Only ten states nationwide require professional guardians to be certified by the Center for Guardianship Certification, the only national group of its kind. A handful of other states require guardians to be licensed by state agencies, in the same way as plumbers, barbers and other skilled professions.

New York requires neither. Under Article 81, prospective guardians need only take a daylong course to get certified.

Advocates say the state should mandate more stringent training. Guardians should also be required to take regular refresher courses, just as lawyers are, experts say.

Once certified, private guardians are required to attest that they haven’t been found to have violated any criminal, civil or professional rules. Nonprofits, however, undergo no such vetting. In fact, they are not even required to provide proof of their charitable status.

That’s a critical gap in oversight given the outsized role nonprofit organizations currently play in caring for the unbefriended.

In our investigation, we found that NYGS repeatedly represented itself as a nonprofit in its court filings and promotional material as it took on more and more cases. Yet authorities told us that the organization is not registered as a charity with the state attorney general’s office nor does it have tax-exempt status from the Internal Revenue Service.

Sam Blau, NYGS’ chief financial officer, declined to answer questions about the company’s tax status, but said in a statement that “a large percentage of our cases are done completely Pro Bono,” which “is certainly in line with our mission to help people of minimal financial means.”

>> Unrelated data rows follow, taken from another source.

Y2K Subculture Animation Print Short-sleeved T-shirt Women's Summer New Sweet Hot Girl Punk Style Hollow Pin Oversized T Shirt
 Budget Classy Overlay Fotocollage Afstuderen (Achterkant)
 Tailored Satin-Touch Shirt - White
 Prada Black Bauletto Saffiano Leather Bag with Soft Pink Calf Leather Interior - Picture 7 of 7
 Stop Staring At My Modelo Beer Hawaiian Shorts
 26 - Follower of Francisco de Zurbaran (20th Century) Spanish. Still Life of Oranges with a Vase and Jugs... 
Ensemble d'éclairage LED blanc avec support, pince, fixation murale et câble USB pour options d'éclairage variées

Policing the nonprofit sector is critical, experts say, especially since charitable organizations are exempt from court rules that cap the number of cases and the amount of compensation guardians can receive annually.

One of the key indicators of a failing guardianship system involves caseloads that are higher than a 20:1 ratio of wards to staffers, according to a recent report by the country’s premier guardianship researchers. Some states, like Colorado and Virginia, recommend such a cap. But New York offers no guidance.

At New York Guardianship Services, the group ProPublica featured in its report this month, the ward-to-staff ratio has topped 83:1. One worker who was responsible for dozens of wards every day said she quit after six months because she couldn’t keep up with the unrelenting needs of the company’s clients. NYGS did not respond to questions about its caseloads.